I disagree

With my estimable co-host on the issue of the Army using Spanish recruiting stickers – I also imagine that I’ll end up disagreeing with a lot of conservative bloggers on this issue.

See, here’s the thing – to me, it’s a smart recruiting idea to use Spanish language recruiting tools.  Like it not, this country has a large group of individuals that speak Spanish as their first language, and English as their second.  Since you can’t join the Army if you’re an illegal alien, then I don’t care what language is your first when you make the choice to defend your country.

The other reason that this is a total non-issue is because all of the military’s testing material is in English anyway, so it’s not like you could actually pass the exams or anything without a functional understanding of English.

Honestly, I don’t understand why people would care if the Army was recruiting in Spanish.  Personally, I think it’s a great idea.  The military has a proud history of giving opportunities to immigrants and their children, why should the modern generation be any different?  The important thing to see when a young kid who speaks Spanish as his first language signs up for the Army isn’t a Hispanic kid, but rather a young American making the choice to serve his country, regardless of where his parents were born.  I’d much rather be proud of that man for his decision to serve than get all upset because he doesn’t speak perfect English.

5 thoughts on “I disagree”

  1. As long as communication isn’t a problem, I agree 100%. But you not only have to have a firm grasp of the English language, but you have to speak it well enough that on a static-saturated radio, while under enemy fire, you can direct precision close air support. Most hispanic children raised in the US are completely fluent in English, with very little accent if any.

  2. I might be upset if I were to be recruited in my native language, just to join and find out it was illegal (against policy) to speak it while conducting official business.

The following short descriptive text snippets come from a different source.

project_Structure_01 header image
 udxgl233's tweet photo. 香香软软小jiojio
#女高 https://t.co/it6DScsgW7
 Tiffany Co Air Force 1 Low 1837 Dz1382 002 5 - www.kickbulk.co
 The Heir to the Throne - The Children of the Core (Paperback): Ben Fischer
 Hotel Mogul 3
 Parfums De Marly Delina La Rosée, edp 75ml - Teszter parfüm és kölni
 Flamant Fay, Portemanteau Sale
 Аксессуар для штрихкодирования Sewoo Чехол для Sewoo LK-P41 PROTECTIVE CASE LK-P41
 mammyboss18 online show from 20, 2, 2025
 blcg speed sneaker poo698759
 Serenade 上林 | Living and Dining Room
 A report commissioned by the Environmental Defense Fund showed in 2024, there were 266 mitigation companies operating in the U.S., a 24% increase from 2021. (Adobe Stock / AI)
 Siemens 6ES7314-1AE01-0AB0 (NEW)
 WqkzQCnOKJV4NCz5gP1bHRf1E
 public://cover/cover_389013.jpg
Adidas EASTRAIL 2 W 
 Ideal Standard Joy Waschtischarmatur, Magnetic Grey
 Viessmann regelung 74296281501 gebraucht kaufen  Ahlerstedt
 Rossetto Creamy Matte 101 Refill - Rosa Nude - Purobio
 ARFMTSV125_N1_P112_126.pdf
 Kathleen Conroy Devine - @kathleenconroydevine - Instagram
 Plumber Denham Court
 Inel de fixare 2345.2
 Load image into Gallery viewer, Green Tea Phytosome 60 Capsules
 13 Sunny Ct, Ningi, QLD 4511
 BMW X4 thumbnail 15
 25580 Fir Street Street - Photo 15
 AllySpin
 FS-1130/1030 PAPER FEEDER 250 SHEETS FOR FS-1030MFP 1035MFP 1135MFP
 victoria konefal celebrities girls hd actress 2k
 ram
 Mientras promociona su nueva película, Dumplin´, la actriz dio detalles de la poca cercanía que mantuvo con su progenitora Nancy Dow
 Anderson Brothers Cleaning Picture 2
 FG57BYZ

    Unless they’ve changed that policy in recent years, you have to speak english while conducting Army business, and you have to speak it well enough for others to understand you.

    It may not be wrong, but it’s not the smartest thing they’ve come up with. Better than “An Army of One” though. That was dumb.

  3. Just like the big push lately with advertising to get parents to be okay with their offspring’s decision to join the military, advertising in Spanish (whether directed at the potential soldier or their parents) could certainly help to get the folks behind the decision. That’s got to help recruiting.

  4. Well, actual ethnic nationalists would never* fight for an “oppressor” state, so they would never join.

    *Except for the Honky Nationalists.

  5. If it makes sense anywhere, it makes perfect sense in Puerto Rico.

    Thousands of Puerto Ricans are in the Regular Army; thousands more are in the Puerto Rican National Guard. The Regular Army Soldiers get by as best they can, often learning English in Basic Training (Basic’s hard enough without trying to learn a new language as well, so kudos to them), but the National Guard Soldiers pretty much stick to Spanish, except in “mixed” company or on the radio.